TASK
An exact transcript is required of the lines below, from the one containing "Crossbody Shoulder Bag" through the very last; leave every picture out of it.

DATASET
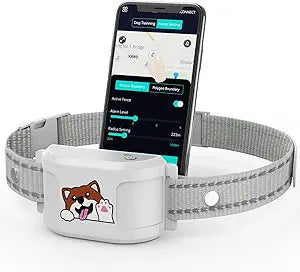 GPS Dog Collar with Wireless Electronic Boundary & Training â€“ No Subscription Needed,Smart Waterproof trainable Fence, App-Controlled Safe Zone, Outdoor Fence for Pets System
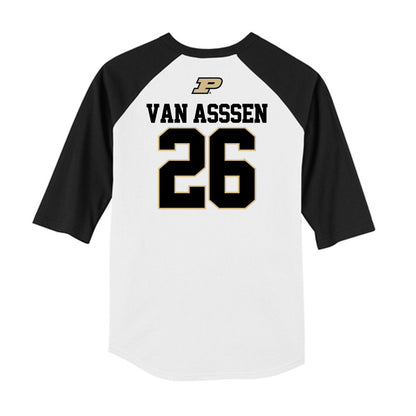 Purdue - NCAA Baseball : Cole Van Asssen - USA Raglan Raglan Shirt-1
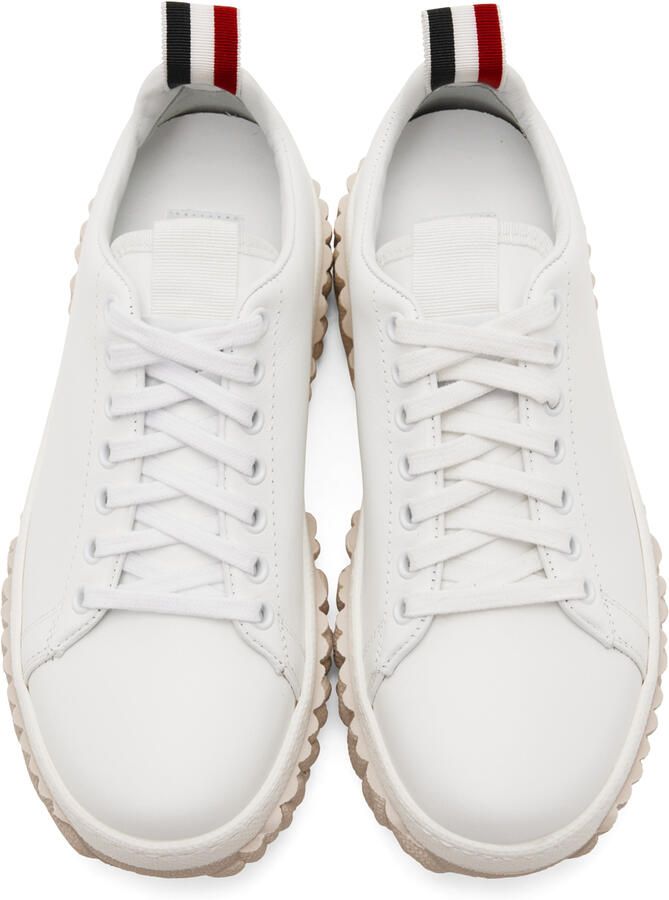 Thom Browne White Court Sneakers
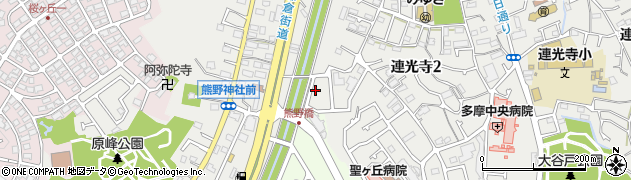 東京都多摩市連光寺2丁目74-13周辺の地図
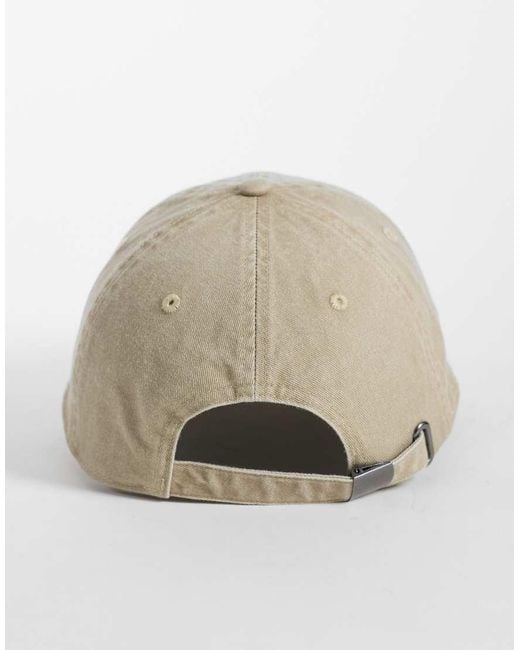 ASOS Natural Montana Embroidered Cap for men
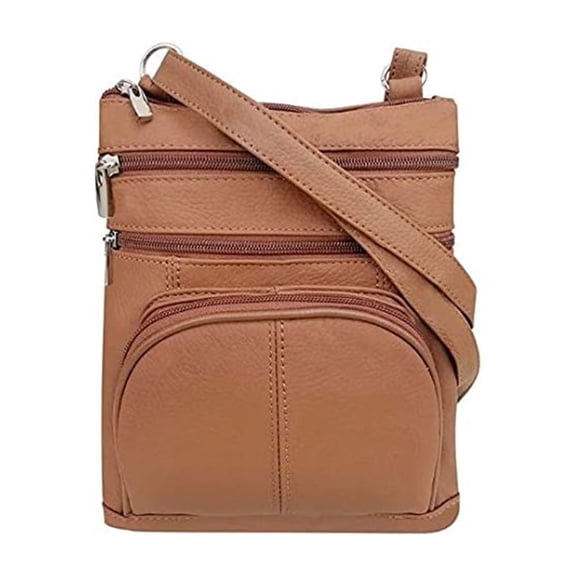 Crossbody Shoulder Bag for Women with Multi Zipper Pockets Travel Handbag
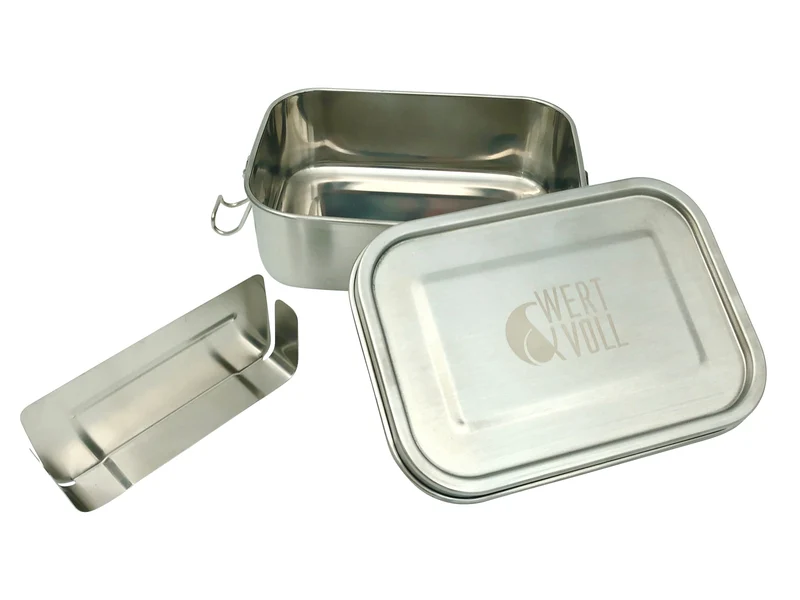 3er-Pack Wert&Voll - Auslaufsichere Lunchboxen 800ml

SOLUTION FOR THIS PROBLEM
 Crossbody Shoulder Bag for Women with Multi Zipper Pockets Travel Handbag
 3er-Pack Wert&Voll - Auslaufsichere Lunchboxen 800ml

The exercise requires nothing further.